As if there weren’t enough reasons already to read the Harry Potter books, recent scientific studies have offered up more, according to an article posted by MTV.com on Aug. 2. These studies have shown that the books can make readers less prejudiced against immigrants, homosexuals, and other minority groups and make readers better people.
The Journal of Applied Psychology published an article last month explaining that reading stories is an effective strategy for changing the attitude surrounding social “out-groups.” The studies they’ve published were conducted with a wide range of individuals, ranging from elementary school children to university students. Three studies in all were run and documented.
It was found that after reading and discussing the books, students of varying ages who identified with Harry Potter as a bit of a hero (or who disidentified with Voldemort) had more positive attitudes about minority groups. They were able to begin thinking from the perspectives of those such as immigrants, refugees, and LGBT communities.
J.K. Rowling has said in the past that “The Potter books in general are a prolonged argument for tolerance, a prolonged plea for an end to bigotry.” Throughout the series of books, Harry Potter and his friends consistently stand up for groups subject to prejudice. Now, not only has the author’s intention been voiced, but there is scientific proof that the books really do change mindsets.
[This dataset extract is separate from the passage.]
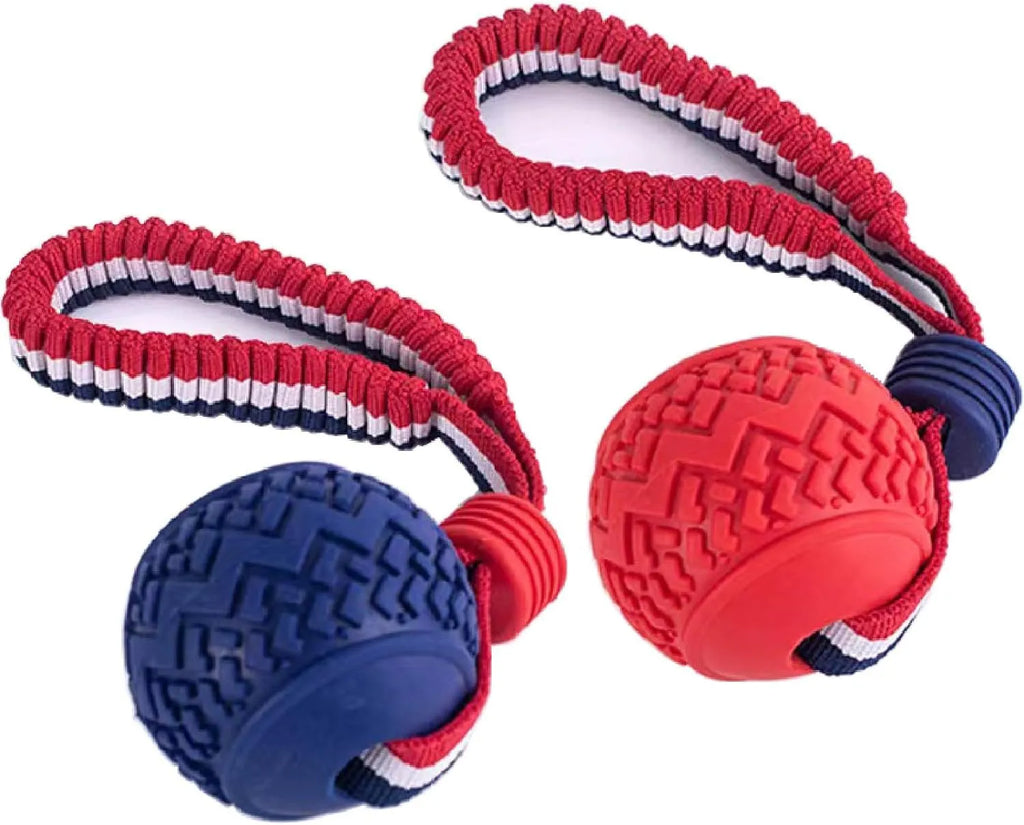 Blue and red dog toy with a rubber ball on a rope for tug-of-war and teeth cleaning.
Young people reading these books have also been reported as joining charity efforts. Some believe that the books may have also influenced voters’ decisions in the last presidential election.
The study took in students from Britain and Italy as part of a focus group. The group read the books and discussed themes of prejudice and oppression over a series of weeks.
While the findings of these studies are quite exciting, it is important to note, per the Pacific Standard, that reading any kind of fiction in which a reader can identify with its characters can help reduce the stain of bigotry. This kind of reading gives the experience of characters who come from diverse backgrounds. The Pacific Standard also lists many other boons to reading which make readers much better people than if they hadn’t read at all.